(DATA SUPPLIED)

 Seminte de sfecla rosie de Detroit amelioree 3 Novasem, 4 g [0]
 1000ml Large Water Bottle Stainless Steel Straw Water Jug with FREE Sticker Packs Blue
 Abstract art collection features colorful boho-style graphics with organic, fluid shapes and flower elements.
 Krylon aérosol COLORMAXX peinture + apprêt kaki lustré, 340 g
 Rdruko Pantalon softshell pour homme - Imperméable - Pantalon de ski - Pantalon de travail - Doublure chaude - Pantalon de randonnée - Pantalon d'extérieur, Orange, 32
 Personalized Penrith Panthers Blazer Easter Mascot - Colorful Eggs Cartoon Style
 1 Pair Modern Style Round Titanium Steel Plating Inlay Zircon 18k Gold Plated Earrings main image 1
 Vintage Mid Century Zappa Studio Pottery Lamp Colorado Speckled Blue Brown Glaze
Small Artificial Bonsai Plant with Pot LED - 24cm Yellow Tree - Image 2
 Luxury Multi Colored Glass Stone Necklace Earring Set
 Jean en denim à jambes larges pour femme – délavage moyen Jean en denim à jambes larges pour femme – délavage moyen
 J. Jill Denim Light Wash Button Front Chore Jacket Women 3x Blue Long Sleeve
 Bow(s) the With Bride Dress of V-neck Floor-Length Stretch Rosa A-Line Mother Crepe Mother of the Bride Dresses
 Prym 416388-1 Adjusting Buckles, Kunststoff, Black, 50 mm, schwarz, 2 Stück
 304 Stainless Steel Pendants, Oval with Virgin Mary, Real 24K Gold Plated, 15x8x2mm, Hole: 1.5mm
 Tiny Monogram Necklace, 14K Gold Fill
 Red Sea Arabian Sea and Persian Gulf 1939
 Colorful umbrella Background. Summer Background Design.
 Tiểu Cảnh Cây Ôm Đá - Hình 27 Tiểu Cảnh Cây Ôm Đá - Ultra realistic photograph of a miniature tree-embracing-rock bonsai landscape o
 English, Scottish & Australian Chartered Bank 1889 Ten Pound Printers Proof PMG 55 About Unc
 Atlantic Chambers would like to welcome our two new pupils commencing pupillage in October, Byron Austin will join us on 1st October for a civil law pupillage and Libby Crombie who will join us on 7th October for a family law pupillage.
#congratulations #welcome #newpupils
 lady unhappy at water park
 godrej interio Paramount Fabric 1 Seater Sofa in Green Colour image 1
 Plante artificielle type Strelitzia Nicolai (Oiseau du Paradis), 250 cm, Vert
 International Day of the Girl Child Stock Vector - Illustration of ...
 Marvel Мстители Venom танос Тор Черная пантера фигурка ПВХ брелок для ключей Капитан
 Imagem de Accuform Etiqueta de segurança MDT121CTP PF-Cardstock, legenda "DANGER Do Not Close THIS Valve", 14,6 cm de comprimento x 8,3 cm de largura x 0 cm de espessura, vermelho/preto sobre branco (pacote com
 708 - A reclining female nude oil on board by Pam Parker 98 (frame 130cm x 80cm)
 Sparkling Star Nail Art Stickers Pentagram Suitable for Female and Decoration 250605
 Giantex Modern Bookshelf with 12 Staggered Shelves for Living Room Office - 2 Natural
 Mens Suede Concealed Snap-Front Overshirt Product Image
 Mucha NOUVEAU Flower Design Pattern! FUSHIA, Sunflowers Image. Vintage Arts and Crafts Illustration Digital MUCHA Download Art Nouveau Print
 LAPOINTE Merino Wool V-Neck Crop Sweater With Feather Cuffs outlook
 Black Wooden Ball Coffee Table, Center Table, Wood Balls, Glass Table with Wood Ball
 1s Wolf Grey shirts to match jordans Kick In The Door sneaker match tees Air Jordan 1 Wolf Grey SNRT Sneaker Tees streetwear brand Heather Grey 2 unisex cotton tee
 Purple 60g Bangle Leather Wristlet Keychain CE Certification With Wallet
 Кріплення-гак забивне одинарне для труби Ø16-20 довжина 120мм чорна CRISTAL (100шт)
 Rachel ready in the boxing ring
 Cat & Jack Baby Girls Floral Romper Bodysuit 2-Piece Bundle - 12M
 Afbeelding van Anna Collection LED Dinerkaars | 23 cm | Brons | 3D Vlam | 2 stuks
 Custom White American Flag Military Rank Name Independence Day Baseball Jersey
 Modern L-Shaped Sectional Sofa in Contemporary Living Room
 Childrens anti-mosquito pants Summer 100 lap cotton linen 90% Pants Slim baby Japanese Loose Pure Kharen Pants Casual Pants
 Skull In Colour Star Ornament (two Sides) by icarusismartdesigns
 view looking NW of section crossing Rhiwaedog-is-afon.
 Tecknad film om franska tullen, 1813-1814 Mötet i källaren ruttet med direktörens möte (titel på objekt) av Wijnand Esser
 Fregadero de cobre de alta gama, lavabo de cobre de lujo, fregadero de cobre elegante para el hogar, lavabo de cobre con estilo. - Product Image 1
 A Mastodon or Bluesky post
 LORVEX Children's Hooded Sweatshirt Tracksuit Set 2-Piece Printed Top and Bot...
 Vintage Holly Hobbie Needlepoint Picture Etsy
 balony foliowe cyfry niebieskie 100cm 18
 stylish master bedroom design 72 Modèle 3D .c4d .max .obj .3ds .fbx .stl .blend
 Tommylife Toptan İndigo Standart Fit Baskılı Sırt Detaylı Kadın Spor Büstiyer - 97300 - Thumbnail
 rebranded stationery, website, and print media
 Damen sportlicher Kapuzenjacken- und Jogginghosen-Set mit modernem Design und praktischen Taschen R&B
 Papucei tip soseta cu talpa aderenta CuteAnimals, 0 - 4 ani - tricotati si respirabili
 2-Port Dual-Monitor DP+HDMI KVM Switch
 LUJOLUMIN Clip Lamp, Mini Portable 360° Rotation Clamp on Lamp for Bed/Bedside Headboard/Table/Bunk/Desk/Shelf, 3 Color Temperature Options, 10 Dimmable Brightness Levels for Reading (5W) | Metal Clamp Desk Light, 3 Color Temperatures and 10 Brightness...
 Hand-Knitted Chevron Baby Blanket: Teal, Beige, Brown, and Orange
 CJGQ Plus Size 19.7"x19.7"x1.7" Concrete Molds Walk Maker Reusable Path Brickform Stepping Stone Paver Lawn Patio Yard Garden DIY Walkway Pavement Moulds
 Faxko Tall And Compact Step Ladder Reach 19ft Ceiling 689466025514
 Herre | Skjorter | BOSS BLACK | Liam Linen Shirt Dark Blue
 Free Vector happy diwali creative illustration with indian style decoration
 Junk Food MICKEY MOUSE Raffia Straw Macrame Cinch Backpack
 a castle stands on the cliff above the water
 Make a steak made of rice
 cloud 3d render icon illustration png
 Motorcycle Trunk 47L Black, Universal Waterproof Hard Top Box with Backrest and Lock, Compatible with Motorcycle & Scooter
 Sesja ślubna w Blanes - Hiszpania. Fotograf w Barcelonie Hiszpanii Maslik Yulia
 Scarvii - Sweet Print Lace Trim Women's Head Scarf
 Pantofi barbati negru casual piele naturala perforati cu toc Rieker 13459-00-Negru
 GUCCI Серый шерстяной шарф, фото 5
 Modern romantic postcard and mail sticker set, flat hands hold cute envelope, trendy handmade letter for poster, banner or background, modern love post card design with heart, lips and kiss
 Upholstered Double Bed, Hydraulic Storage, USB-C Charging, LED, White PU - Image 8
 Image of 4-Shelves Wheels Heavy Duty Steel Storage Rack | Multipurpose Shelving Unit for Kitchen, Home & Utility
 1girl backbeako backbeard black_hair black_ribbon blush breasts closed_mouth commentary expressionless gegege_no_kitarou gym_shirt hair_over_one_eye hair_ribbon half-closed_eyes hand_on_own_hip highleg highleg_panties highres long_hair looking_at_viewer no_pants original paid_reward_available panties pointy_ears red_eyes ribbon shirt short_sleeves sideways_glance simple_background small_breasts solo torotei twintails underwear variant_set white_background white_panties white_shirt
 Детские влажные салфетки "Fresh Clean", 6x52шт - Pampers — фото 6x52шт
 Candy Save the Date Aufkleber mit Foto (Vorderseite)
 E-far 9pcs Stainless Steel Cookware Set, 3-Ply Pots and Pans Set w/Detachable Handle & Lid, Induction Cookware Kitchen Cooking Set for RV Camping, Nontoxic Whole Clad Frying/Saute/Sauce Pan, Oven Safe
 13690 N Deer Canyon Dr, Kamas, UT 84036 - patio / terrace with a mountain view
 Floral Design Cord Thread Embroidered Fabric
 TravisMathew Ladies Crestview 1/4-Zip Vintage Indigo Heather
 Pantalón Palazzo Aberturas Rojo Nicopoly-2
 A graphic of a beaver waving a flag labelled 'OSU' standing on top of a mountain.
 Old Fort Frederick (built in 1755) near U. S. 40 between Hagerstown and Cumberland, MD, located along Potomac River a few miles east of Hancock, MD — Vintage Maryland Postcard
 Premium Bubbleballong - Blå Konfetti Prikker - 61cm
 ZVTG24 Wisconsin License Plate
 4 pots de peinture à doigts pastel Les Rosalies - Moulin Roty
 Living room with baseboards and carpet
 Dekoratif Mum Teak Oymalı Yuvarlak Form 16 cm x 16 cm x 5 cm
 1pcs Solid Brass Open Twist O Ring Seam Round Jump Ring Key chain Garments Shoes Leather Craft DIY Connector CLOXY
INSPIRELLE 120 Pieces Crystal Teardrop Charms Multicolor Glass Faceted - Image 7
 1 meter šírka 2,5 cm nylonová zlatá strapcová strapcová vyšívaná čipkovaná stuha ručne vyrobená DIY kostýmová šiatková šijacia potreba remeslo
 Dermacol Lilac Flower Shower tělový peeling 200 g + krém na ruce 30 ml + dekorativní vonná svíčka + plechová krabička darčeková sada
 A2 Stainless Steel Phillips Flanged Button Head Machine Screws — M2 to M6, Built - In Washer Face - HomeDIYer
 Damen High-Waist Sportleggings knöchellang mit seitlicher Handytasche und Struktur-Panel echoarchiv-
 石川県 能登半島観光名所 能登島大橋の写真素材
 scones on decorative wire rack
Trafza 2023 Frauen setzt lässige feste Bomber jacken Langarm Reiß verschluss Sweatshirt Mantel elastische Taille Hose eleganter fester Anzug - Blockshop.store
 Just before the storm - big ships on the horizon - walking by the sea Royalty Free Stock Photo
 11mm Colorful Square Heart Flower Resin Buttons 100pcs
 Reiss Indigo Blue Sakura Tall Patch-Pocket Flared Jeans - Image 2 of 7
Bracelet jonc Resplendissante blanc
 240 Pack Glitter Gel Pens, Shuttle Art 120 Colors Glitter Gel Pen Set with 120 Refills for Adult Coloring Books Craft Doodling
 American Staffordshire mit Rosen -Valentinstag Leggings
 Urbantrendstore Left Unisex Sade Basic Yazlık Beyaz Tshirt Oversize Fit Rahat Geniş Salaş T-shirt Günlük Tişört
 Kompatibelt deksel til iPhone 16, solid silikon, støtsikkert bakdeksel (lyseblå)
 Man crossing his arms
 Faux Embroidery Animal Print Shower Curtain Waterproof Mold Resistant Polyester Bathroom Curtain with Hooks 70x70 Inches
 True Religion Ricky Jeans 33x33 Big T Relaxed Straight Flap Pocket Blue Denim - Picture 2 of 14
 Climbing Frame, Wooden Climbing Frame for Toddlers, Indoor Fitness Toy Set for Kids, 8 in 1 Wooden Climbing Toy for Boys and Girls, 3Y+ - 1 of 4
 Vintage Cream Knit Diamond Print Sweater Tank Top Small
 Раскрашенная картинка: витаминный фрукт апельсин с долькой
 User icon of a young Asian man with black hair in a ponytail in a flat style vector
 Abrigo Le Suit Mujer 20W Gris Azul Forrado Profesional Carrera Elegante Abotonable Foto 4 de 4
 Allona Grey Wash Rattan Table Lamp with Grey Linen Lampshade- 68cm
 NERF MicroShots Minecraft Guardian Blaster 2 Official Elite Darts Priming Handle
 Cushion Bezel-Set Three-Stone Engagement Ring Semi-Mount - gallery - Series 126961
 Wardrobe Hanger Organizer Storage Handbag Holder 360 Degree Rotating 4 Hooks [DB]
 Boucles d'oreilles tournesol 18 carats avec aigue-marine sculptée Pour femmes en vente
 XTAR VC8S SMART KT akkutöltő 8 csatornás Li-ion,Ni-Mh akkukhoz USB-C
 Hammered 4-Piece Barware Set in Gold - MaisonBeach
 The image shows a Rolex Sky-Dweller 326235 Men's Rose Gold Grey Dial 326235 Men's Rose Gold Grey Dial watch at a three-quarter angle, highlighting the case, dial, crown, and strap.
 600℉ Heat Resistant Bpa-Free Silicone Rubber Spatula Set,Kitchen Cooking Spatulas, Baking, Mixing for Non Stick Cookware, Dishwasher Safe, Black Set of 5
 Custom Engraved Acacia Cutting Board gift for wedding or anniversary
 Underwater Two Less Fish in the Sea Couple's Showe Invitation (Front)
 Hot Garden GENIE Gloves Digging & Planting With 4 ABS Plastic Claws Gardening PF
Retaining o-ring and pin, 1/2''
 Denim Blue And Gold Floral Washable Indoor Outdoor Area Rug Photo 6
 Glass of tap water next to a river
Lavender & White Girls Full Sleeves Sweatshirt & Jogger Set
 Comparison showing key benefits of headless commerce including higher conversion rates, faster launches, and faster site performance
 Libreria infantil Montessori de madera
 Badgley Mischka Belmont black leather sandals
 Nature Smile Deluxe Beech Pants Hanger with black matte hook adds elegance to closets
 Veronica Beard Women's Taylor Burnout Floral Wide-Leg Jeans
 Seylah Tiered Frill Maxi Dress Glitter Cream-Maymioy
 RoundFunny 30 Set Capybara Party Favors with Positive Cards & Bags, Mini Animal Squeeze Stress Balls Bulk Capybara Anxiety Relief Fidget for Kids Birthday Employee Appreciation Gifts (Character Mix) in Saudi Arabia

(End DATA SUPPLIED)

Everything from the first line of the data through the line containing "English, Scottish &" should be echoed exactly. Add nothing.

 Seminte de sfecla rosie de Detroit amelioree 3 Novasem, 4 g [0]
 1000ml Large Water Bottle Stainless Steel Straw Water Jug with FREE Sticker Packs Blue
 Abstract art collection features colorful boho-style graphics with organic, fluid shapes and flower elements.
 Krylon aérosol COLORMAXX peinture + apprêt kaki lustré, 340 g
 Rdruko Pantalon softshell pour homme - Imperméable - Pantalon de ski - Pantalon de travail - Doublure chaude - Pantalon de randonnée - Pantalon d'extérieur, Orange, 32
 Personalized Penrith Panthers Blazer Easter Mascot - Colorful Eggs Cartoon Style
 1 Pair Modern Style Round Titanium Steel Plating Inlay Zircon 18k Gold Plated Earrings main image 1
 Vintage Mid Century Zappa Studio Pottery Lamp Colorado Speckled Blue Brown Glaze
Small Artificial Bonsai Plant with Pot LED - 24cm Yellow Tree - Image 2
 Luxury Multi Colored Glass Stone Necklace Earring Set
 Jean en denim à jambes larges pour femme – délavage moyen Jean en denim à jambes larges pour femme – délavage moyen
 J. Jill Denim Light Wash Button Front Chore Jacket Women 3x Blue Long Sleeve
 Bow(s) the With Bride Dress of V-neck Floor-Length Stretch Rosa A-Line Mother Crepe Mother of the Bride Dresses
 Prym 416388-1 Adjusting Buckles, Kunststoff, Black, 50 mm, schwarz, 2 Stück
 304 Stainless Steel Pendants, Oval with Virgin Mary, Real 24K Gold Plated, 15x8x2mm, Hole: 1.5mm
 Tiny Monogram Necklace, 14K Gold Fill
 Red Sea Arabian Sea and Persian Gulf 1939
 Colorful umbrella Background. Summer Background Design.
 Tiểu Cảnh Cây Ôm Đá - Hình 27 Tiểu Cảnh Cây Ôm Đá - Ultra realistic photograph of a miniature tree-embracing-rock bonsai landscape o
 English, Scottish & Australian Chartered Bank 1889 Ten Pound Printers Proof PMG 55 About Unc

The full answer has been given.